Work instruction: Exclude all images and print the entries below exactly.
+++ Provided data +++
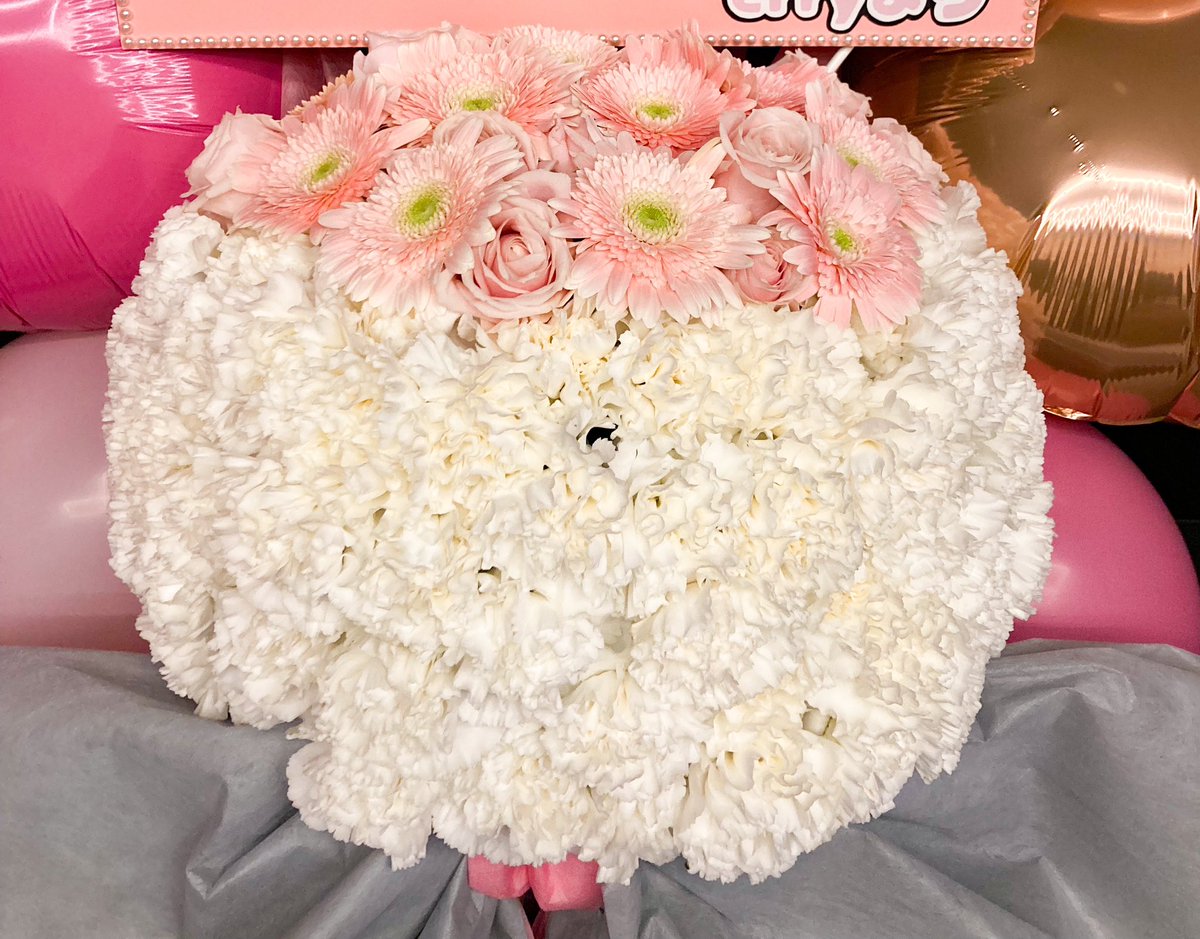 errynzel's tweet photo. 誕生祭なのでケーキ型のフラスタにしました🎂💕
誕生祭のビジュアルをイメージして、ハートのバルーンとラインストーンでキラキラに👑💎
#三村遙佳誕生祭2023
#ちんはるとの一歩
#ちんはるファミリー https://t.co/3V1hwVd7mi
+++
Output for this exercise:
 errynzel's tweet photo. 誕生祭なのでケーキ型のフラスタにしました🎂💕
誕生祭のビジュアルをイメージして、ハートのバルーンとラインストーンでキラキラに👑💎
#三村遙佳誕生祭2023
#ちんはるとの一歩
#ちんはるファミリー https://t.co/3V1hwVd7mi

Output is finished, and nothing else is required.